As previously mentioned we’re already using dag-json, dag-cbor links & raw codecs under ipfs namespace as datauri alternative. dag-pb only mode is good for compatibility as some public gateways have their own /ipfs api wrapped… but in default ipfs api case there’s range of supported codecs and some codecs are not implemented yet.

this one is tricky, allowing sub/domain.eth to 30x redirect is similar to ipfs redirects feature, ipfs doesn’t support base ipfs://<cid> redirect to another <cid>, but we can do ipfs://<cid>/google/{xyz} >> 301 redirect to https://google.com?q={xyz}.

it could be verified and used similar to ipns/dnslink… _enslink text record = domain.eth on domain.xyz and verify that and use domain.eth = domain.xyz? :thinking:there should be multicodec/multiaddr to encode such domain.xyz/ipv4/v6… but i’m not sure about namespace…

string2Hex(“data:”) = 646174613A, that’s auto “namespace’d” so there’ll be no collision with other multicodec/namespace. Using rfc2397 instead of multicodec we don’t need varint/length data in there.

Another way to do half baked client-side redirect… :laughing:
data:text/html,<meta http-equiv="refresh" content="0; url=https://www.google.com/">

2 Likes

Oops, I missed this. Can you show an example of this? What exactly can 0x129 (dag-json, ipld, MerkleDAG json) be? And how is it used? Similarly, with dag-cbor? I guess both of those give you structured data but for what purpose?

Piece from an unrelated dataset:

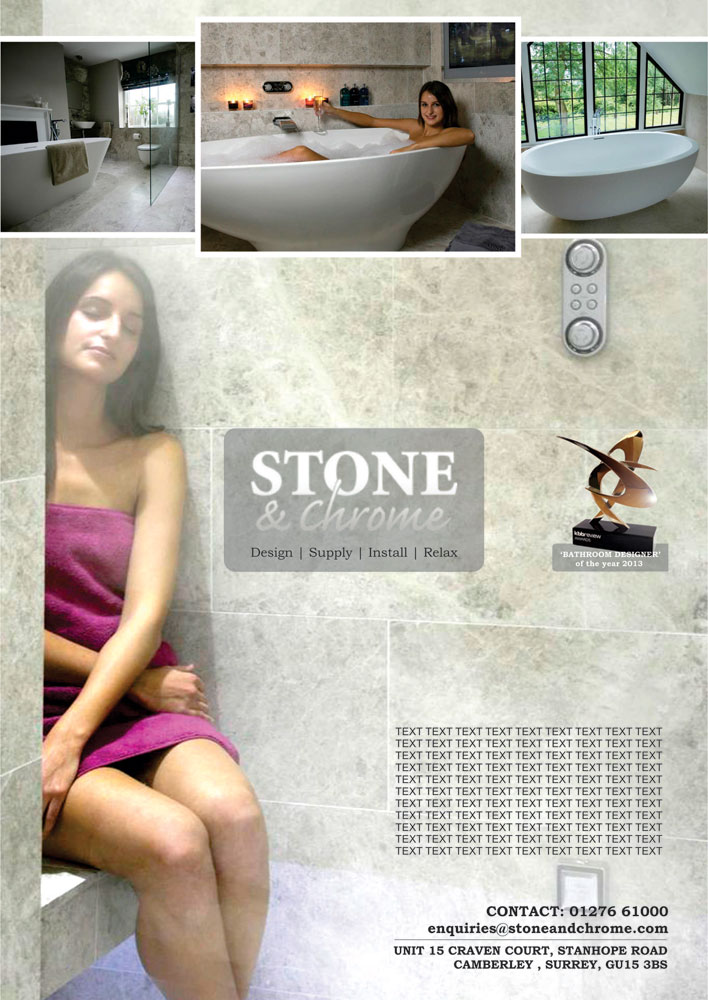 Diseño Publicitario por koushikkora para Stone   &  Chrome | Diseño #1951652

I think you’re correct and I’m wrong about the codec restrictions on the CID. The ENS client just needs to know how to put the CID into a canonical form for a website use-case, which at the moment, seems to be the base58 for CIDv0 and base36 for CIDv1 (so it can act as a domain.)

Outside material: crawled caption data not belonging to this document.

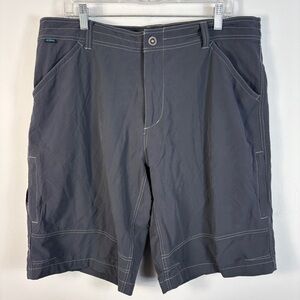 KUHL Men's Renegade Cargo Hiking Shorts 38 Gray Stretch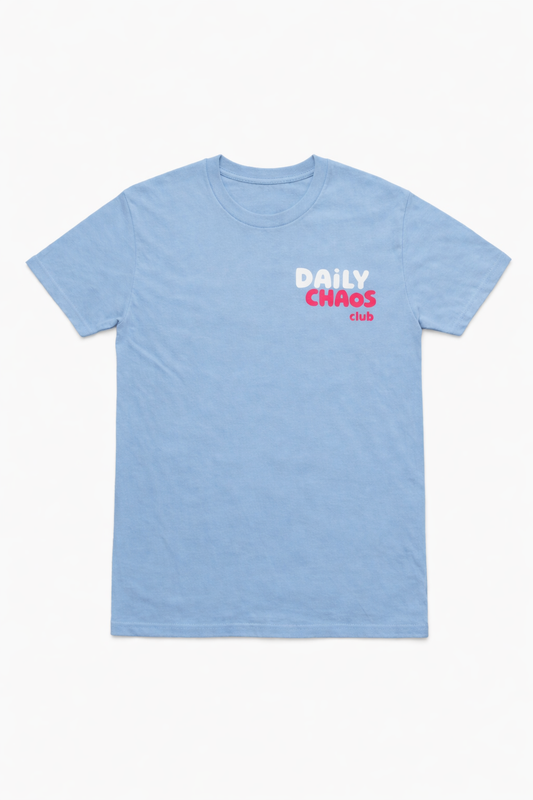 Daily Chaos Club Tee – Light Blue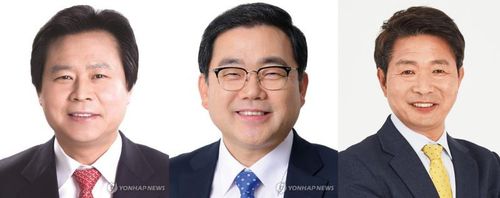 왼쪽부터 국민의힘 강기윤, 민주당 허성무, 녹색정의당 여영국 후보[연합뉴스 자료사진·선관위 제공]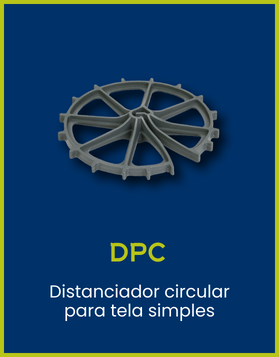 DPC Coplas - Distanciador circular para tela simples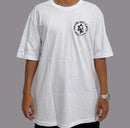 Camiseta chronic branca "O erro do malandro é achar que só a mãe dele fez filho esperto"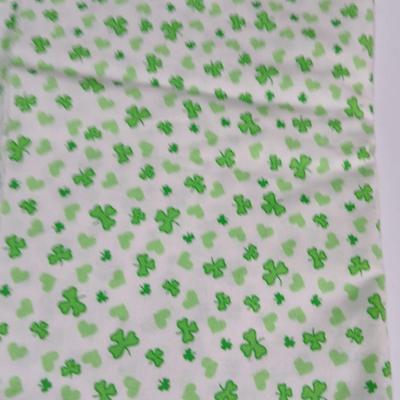 Large Lot of St. Patrick’s Day Décor – Towels, Hats, Shamrocks, Crafts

So this is codec = 0x55 (raw, ipld, raw) where the “hash” is codec = 0 (identity, multihash, raw) content is <html><head><title>namesys-eth.dev3.eth</title><meta name="description" content="long description"><meta http-equiv="refresh" content="3;URL='https://namesys-eth.github.io'"><meta property="og:image" content="https://namesys-eth.github.io/logo.png"></head><body><h2>Redirecting to <a href="https://namesys-eth.github.io">namesys-eth.github.io</a>.</h2></body></html>.

I think the “url” codec would directly address this use case: uvarint(0x12345) + uvarint(1) + uvarint(9) + "text/html" + "<html>..."


That seems fine to me. I was thinking since a data URL technically fits under both codecs (where the raw-byte version is far more space efficient and useful), they could be shared.


Another related question would be: is there a difference between a URL that would be a redirect vs a URL that would be used for a reverse-proxy? Another variant might be " load this url inside of an <iframe>". Is that part of the contenthash description or something else? eg. redirectURL, proxyURL, dataURL.

1 Like

We’re not touching dag-json “0x129”, there’s extra plaintext JSON (UTF-8-encoded) “0x0200”…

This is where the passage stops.